Os pontos frágeis do filme, a meu ver, são dois: a caracterização algo caricatural, maniqueísta, do personagem mais ostensivamente racista (um colega de classe que, ainda por cima, parece ter ciúme do namoro entre Suzana e Mauricio); e uma certa redundância no discurso da mãe do protagonista, explicitando coisas que já estavam claras na narrativa. (Na sua discussão mais acalorada com o filho, ela chega a usar quase as mesmas palavras de um rompante de Marielle Franco na Câmara do Rio: “É uma mulher preta que está falando, não me interrompa”.)
Nada disso, porém, anula a força de M8 e a habilidade com que entrelaça o drama pessoal do protagonista à tragédia das famílias enlutadas das favelas e ao vigor da cultura popular negra, não hesitando em abraçar a dimensão do fantástico e uma possível leitura umbandista dos acontecimentos.
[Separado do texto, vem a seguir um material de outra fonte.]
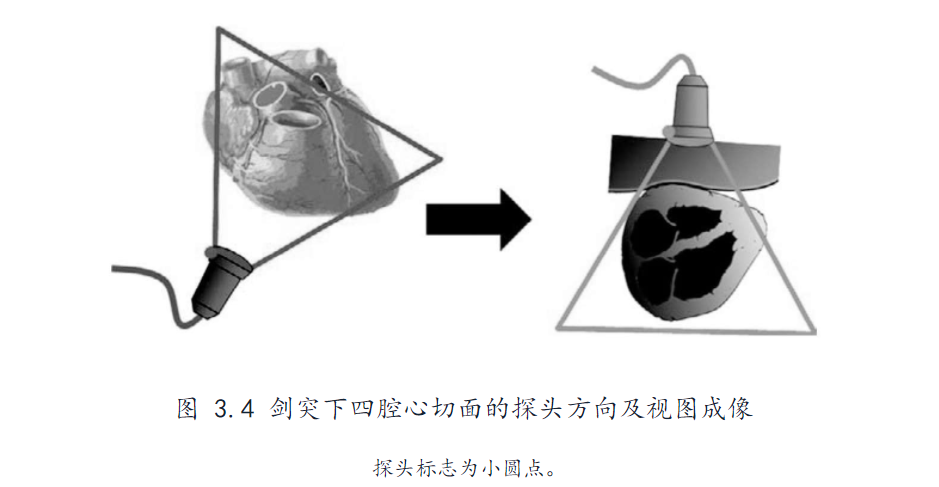 扇形超声探头图片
E há também o sentido urgente, documental: salvo engano, algumas das mulheres que aparecem protestando por justiça perderam de fato seus filhos para a violência policial.
Solidariedade ativa
Do ponto de vista da mise-en-scène, é notável o amadurecimento de Jeferson De na direção de atores e na decupagem das cenas. Um exemplo é a sequência da morte súbita e silenciosa do velho médico Salomão (Pietro Mário), cuidado pela mãe de Mauricio. Num longo plano sem cortes, mas com uma câmera deslizante e de foco profundo, desenha-se todo o drama, com uma coreografia precisa de três personagens (Salomão, Mauricio e sua mãe), ao som da música favorita do velho (uma peça de Chopin). É um momento que se pode chamar de sublime.
Se o diabo está nos detalhes, o racismo também está, e o filme capta alguns deles de maneira perspicaz: a mulher branca que se inquieta em silêncio quando o rapaz negro senta a seu lado no ônibus; o porteiro do prédio de Suzana que pergunta a ela duas vezes se está tudo bem antes de abrir o portão da garagem, ao ver que Mauricio está ao lado da moça no carro. Detalhe: o porteiro também é negro, assim como o policial que aborda com truculência o rapaz de madrugada numa avenida da zona sul. “Cara, se liga, dando mole a esta hora num bairro de playboy?”, diz o policial (Rocco Pitanga), apontando para a própria pele escura.
O que o filme nos mostra de mais doloroso é isso: o racismo introjetado até mesmo em muitos negros, em especial nos encarregados de garantir a segurança da redoma dos brancos.
Mas, como se verá, a atitude que prevalece entre os personagens negros (e alguns brancos) é a da solidariedade ativa. E o diretor parece disposto a marcar essa posição muito concretamente: no elenco de apoio estão atores negros importantes de várias gerações, de Léa Garcia a Lázaro Ramos, passando por Zezé Motta, Ailton Graça e João Acaiabe, além dos já citados. Para provar que, acima de qualquer coisa, Jeferson De continua sendo bróder de seus bróders.